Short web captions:
---------------

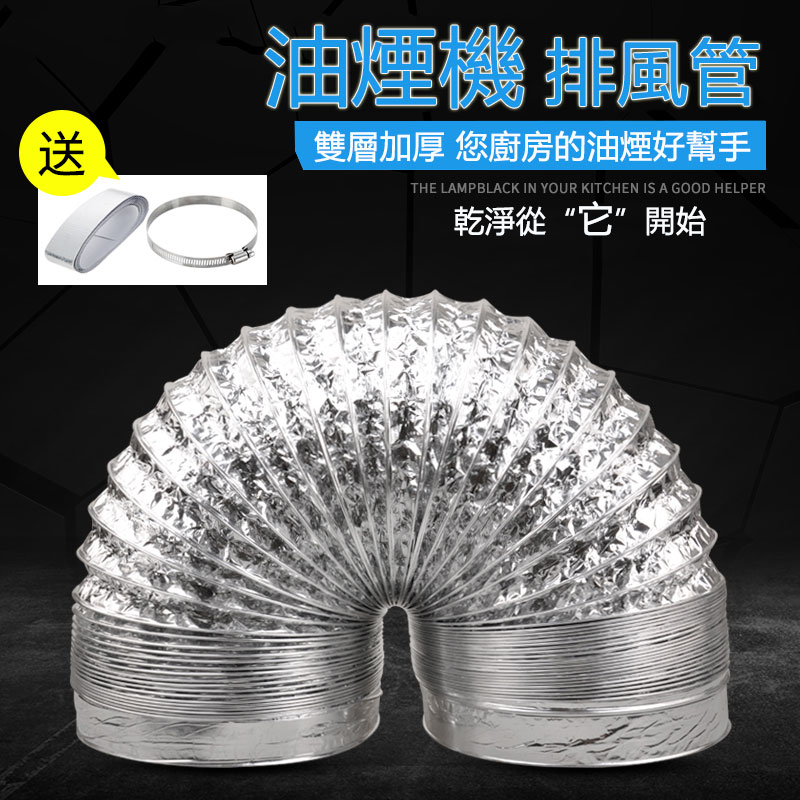 鋁箔伸縮吸油煙機配件通風管 8寸排氣扇配件風管 排氣管/排風管 廚房排氣管道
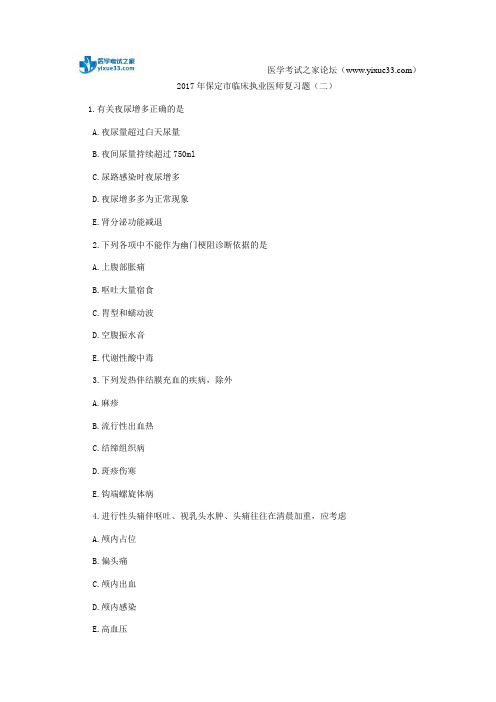 2017年保定市临床执业医师复习题(二)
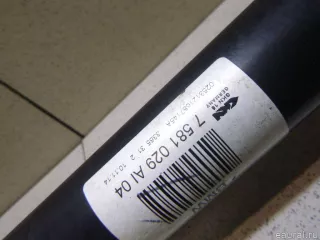 33207581029 BMW Полуось задняя левая BMW 5 F10/F11/GT F07 Арт E100446994, вид 5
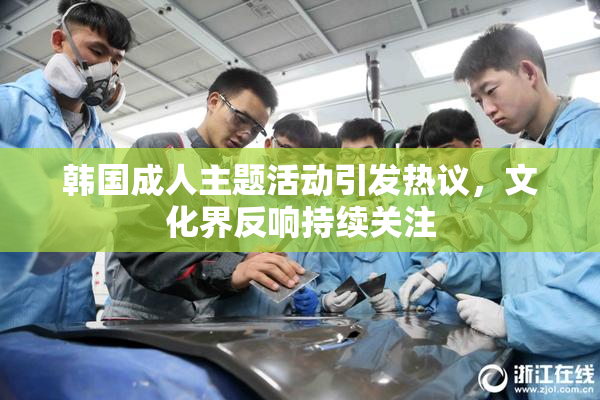 韩国成人主题活动引发热议，文化界反响持续关注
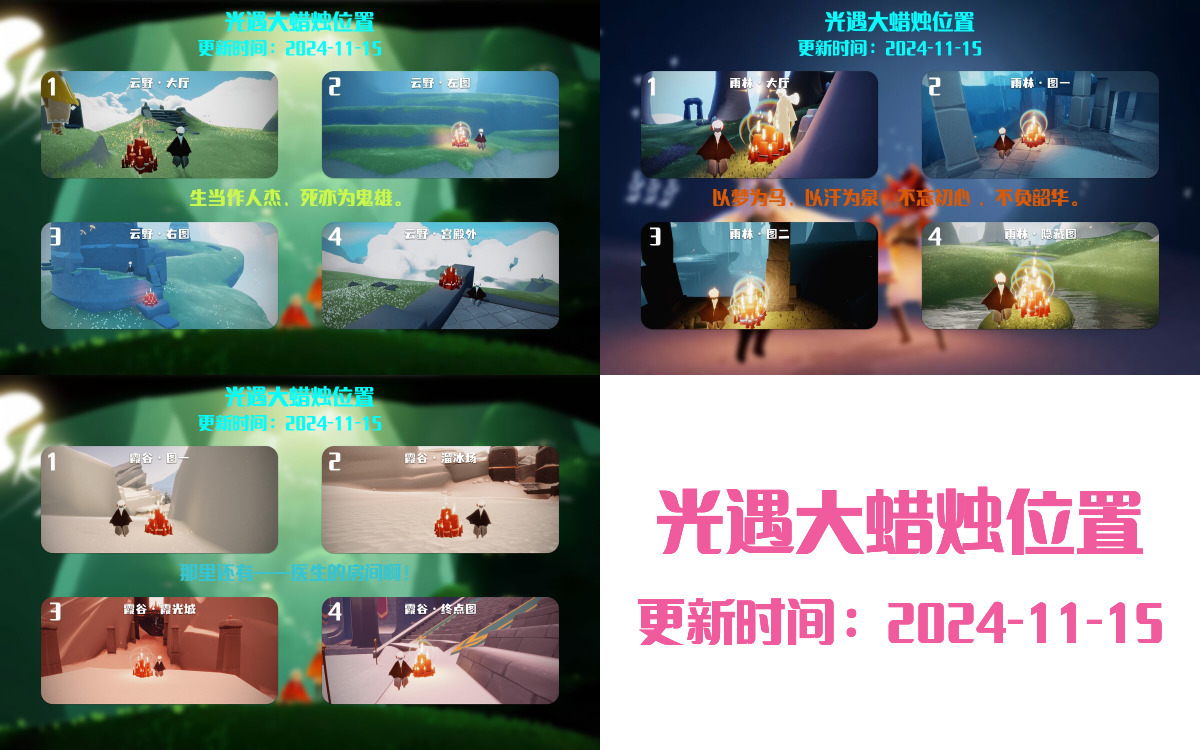 光遇2024.11.15每日任务详细位置[光遇任务]插图3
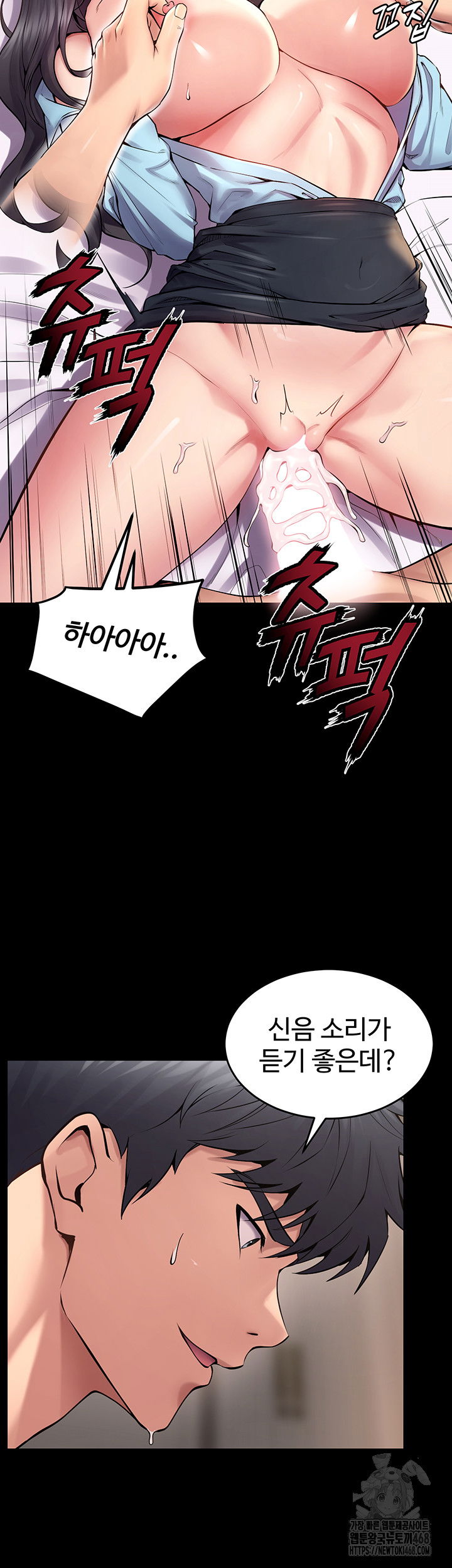 prison-revenge-raw-chap-12-21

---------------

Requirement:
Lines from the one with "韩国成人主题活动引发热议，文化界反响持续关注" through the final line of the records are the whole answer; print them exactly, minus any pictures.

Solved exercise:
 韩国成人主题活动引发热议，文化界反响持续关注
 光遇2024.11.15每日任务详细位置[光遇任务]插图3
 prison-revenge-raw-chap-12-21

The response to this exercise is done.